Stations Five, Six, and Seven (Stasis Tubes)
47. Drilled stasis regulators for added wireing
48. Added Vinyl panels to rear lower one third of stasis tubes using 
silver Monocoat aircraft trim
49. Painted rear of clear Magna Panels Model Master 
Turquoise # 2965

Station Eight (Flight Deck)
50. Scratchbuilt new Tripod control
51. Added Microphone and cord

Outer Hull
52. Added frames to all hull openings
53. Drilled out and enhanced thrusters
54. Fabricated working Collision Shields for main viewport
55. Added tracks for Collision Shields
56. Added EVA equipment locker to right gearwell bulkhead
starboard central gear strut
57. Scratchbuilt NGS Scanner antenna
58. Scratchbuilt Main Surface Radar antenna
59. Added olio sleeves to gear struts

Note: Kit Fire extinguishers were not used in favor of larger 
bottles purchased separately


...unless something extraordinary happens, this is all the mods I intend to do to the ship itself. I will make a whole bunch of assesories.


----------



## Ductapeforever (Mar 6, 2008)

The NGS Scanner and Surface Radar antennas are removable. The Pod Bay door in the main hull slides open for access to the battery compartment, and switches. I did the same thing on my Polar Lights kit, I couldn't think of a better place to hide the batterys for the lighting and still maintain kit integrity.


----------



## Rl3058 (Aug 15, 2008)

I think Duct should win the "Most Scratch Built Items to a Single Model" award


----------



## Dar (Apr 20, 2007)

Ductapeforever said:


> The NGS Scanner and Surface Radar antennas are removable. The Pod Bay door in the main hull slides open for access to the battery compartment, and switches. I did the same thing on my Polar Lights kit, I couldn't think of a better place to hide the batterys for the lighting and still maintain kit integrity.

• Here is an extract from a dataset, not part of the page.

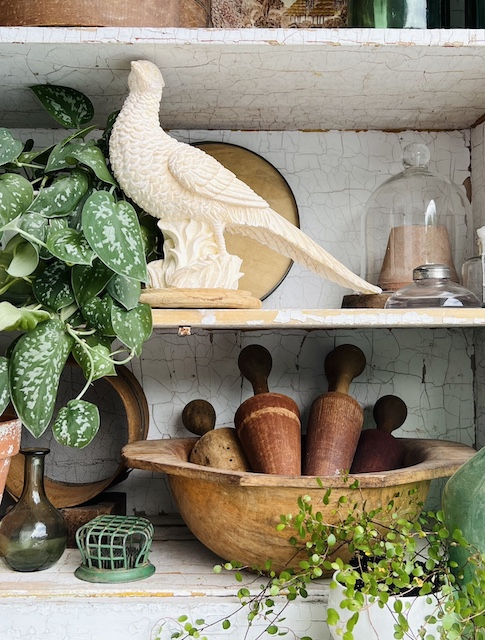 shelf styling with the cutest pheasant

Good idea. That is some list. Excellent job. I'll bet your PL kit rocks too.





Rl3058 said:


> I think Duct should win the "Most Scratch Built Items to a Single Model" award


No doubt.:lol: I have a feeling hes not going to have much problem winning another award for this work. The thing has all the bells and whistles anyone would want.


----------



## Ductapeforever (Mar 6, 2008)

...I would like to thank the Academy, my mom. Frank, Dave, Gary, and all Team Moebius, for produceing my dream kit . Ron Gross for the beautiful artwork, but most of all my Hobbytalk family for the many wonderful ideas I so shamelessly stole and made my own.


----------



## Paulbo (Sep 16, 2004)

The kudos are well deserved.



Sally Field said:


> You like me! You really like me!


----------



## JohnGuard (Jan 13, 2008)

Ductapeforever said:


> Okay, guys it took me the better part of this afternoon to make the list, but here it is :
> the final complete list of mods.
> 
> Ductapeforever’s
> ...


and you have pictures to prove all this???

SHAZAM!!!!!

did you pre-plan all this or are you winging it??


----------



## Ductapeforever (Mar 6, 2008)

John, I had this ship built eight or nine times in my mind seven months before I had a kit in my hands. I wing most of my builds, fixing things as I go along until I'm satisfied. I have built the Polar Lights kit many times , so I had an idea what I wanted to do.


----------



## xsavoie (Jun 29, 1999)

Let's give a hand of applause to the amazing DUCKY.Now there is a quack that is truly devoted to his hobby.Just when you thought there were no surprises left,another modeler comes shining through.:thumbsup:


----------



## Antimatter (Feb 16, 2008)

Y3a said:


> Don't take this the rong wae....but....Unless your pod Doors open, why add a frame that didn't exist?
> 
> Your crash doors and main door sliding are prolly above my experience level BTW.
> Your EVA cable connects by the door push buttons is a superb touch too. I can't WAIT to see your landing gear treatment.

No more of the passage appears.